I added the following K_ELSIF branch to gram.y, in the hope that, when ELSIF
is parsed, simply another if-structure in inserted.

---------------------------------------------------------
stmt_else :
{
PLpgSQL_stmts *new;

new = malloc(sizeof(PLpgSQL_stmts));
memset(new, 0, sizeof(PLpgSQL_stmts));
$$ = new;
elog(NOTICE, "empty ELSE detected");
}
| K_ELSIF expr_until_then proc_sect stmt_else
{
PLpgSQL_stmt_if *new;
elog(NOTICE, "ELSIF detected");
new = malloc(sizeof(PLpgSQL_stmt_if));
memset(new, 0, sizeof(PLpgSQL_stmt_if));
new->cmd_type = PLPGSQL_STMT_IF;
// new->lineno = $2;
new->cond = $2;
new->true_body = $3;
new->false_body = $4;

$$ = (PLpgSQL_stmts *)new;

}
| K_ELSE proc_sect
{
$$ = $2;
elog(NOTICE, "ELSE detected (%s)",
strdup(yytext));
}
;
--------------------------------------------------------------

A testprocedure, which looks like that:
--------------------------------------------------------------

DECLARE
iPar1PI ALIAS FOR $1;
iTmp integer;
iResult varchar;

BEGIN

iTmp = iPar1PI;

raise notice '1.0';

if iTmp IS NULL then
raise notice '2.0';
iResult = 'Echt NULL';

else
if iTmp = 0 then
raise notice '2.1.0';
iResult = 'Null (0)';

elsif (iTmp < 0) THEN
raise notice '2.1.1';
iResult = 'Negativ';

elsif (iTmp > 0) THEN
raise notice '2.1.2';
iResult = 'Positiv';

else
raise notice '2.1.3';
iResult = 'Gibts nicht!';
end if;
end if;

raise notice '3.0';

return iResult;
END;
--------------------------------------------------------------

is dumped in this way ...

--------------------------------------------------------------
Execution tree of successfully compiled PL/pgSQL function kr_test:

Functions data area:
entry 0: VAR $1 type int4 (typoid 23) atttypmod -1
entry 1: VAR found type bool (typoid 16) atttypmod -1
entry 2: VAR itmp type int4 (typoid 23) atttypmod -1
entry 3: VAR iresult type varchar (typoid 1043) atttypmod -1

Functions statements:
8:BLOCK <<*unnamed*>>
10: ASSIGN var 2 := 'SELECT $1 {$1=0}'
12: RAISE ''1.0''
14: IF 'SELECT $1 IS NULL {$1=2}' THEN
15: RAISE ''2.0''
16: ASSIGN var 3 := 'SELECT 'Echt NULL''
ELSE
19: IF 'SELECT $1 = 0 {$1=2}' THEN
20: RAISE ''2.1.0''
21: ASSIGN var 3 := 'SELECT 'Null (0)''
ELSE
ENDIF
ENDIF
37: RAISE ''3.0''
39: RETURN 'SELECT $1 {$1=3}'
END -- *unnamed*

End of execution tree of function kr_test
--------------------------------------------------------------

So my question is: Why does my inserted
PLpgSQL_stmt_if *new;
is not executed, because I do it in the same way like stmt_if does?
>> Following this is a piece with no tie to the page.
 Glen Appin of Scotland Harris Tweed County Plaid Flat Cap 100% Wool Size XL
Who can halp me (Maybe Jan??)

Regards, Klaus

#2Jan Wieck
JanWieck@Yahoo.com
In reply to: Klaus Reger (#1)
Re: Grammar-problems with pl/pgsql in gram.y

Klaus Reger wrote:

Hi,

I want to learn, how the pl/plsql-parser/compiler works. Therefore I planned
to implement a simple ELSIF, like oracle does.

I added the following K_ELSIF branch to gram.y, in the hope that, when ELSIF
is parsed, simply another if-structure in inserted.
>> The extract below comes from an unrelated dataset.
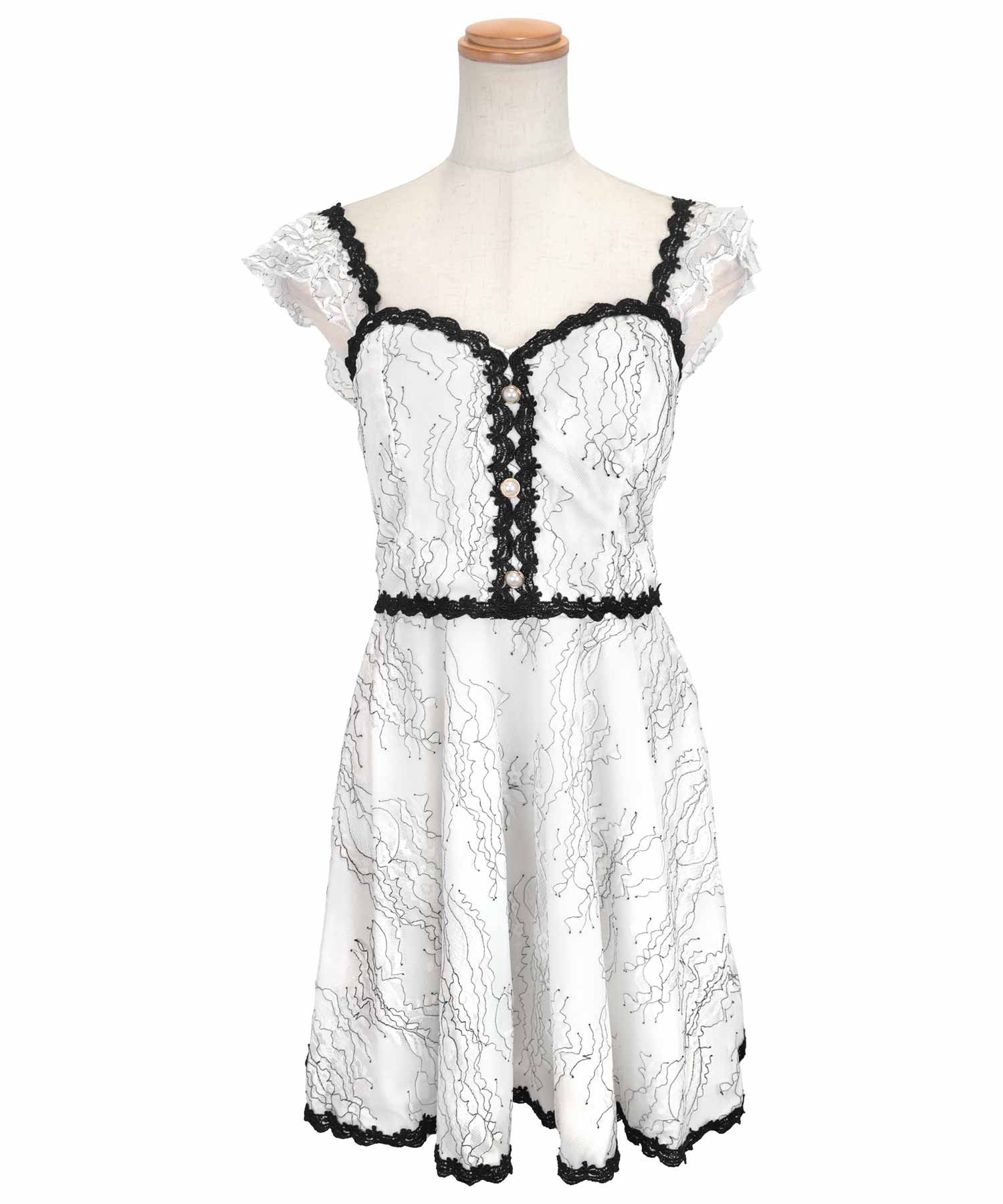 Tika Cabaret Dress Camisole Monotone Feminine Embroidered Flare Mini Dress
---------------------------------------------------------
stmt_else :
{
PLpgSQL_stmts *new;

new = malloc(sizeof(PLpgSQL_stmts));
memset(new, 0, sizeof(PLpgSQL_stmts));
$$ = new;
elog(NOTICE, "empty ELSE detected");
}
| K_ELSIF expr_until_then proc_sect stmt_else
{
PLpgSQL_stmt_if *new;
elog(NOTICE, "ELSIF detected");
new = malloc(sizeof(PLpgSQL_stmt_if));
memset(new, 0, sizeof(PLpgSQL_stmt_if));
new->cmd_type = PLPGSQL_STMT_IF;
// new->lineno = $2;
new->cond = $2;
new->true_body = $3;
new->false_body = $4;

$$ = (PLpgSQL_stmts *)new;

Here it is. stmt_else is defined as type <stmts>, not <stmt>.
The PLpgSQL_stmt_if struct has a condition query and two
statement lists (type <stmts>). You're trying to put a single
statement into the else part instead of a list of statements.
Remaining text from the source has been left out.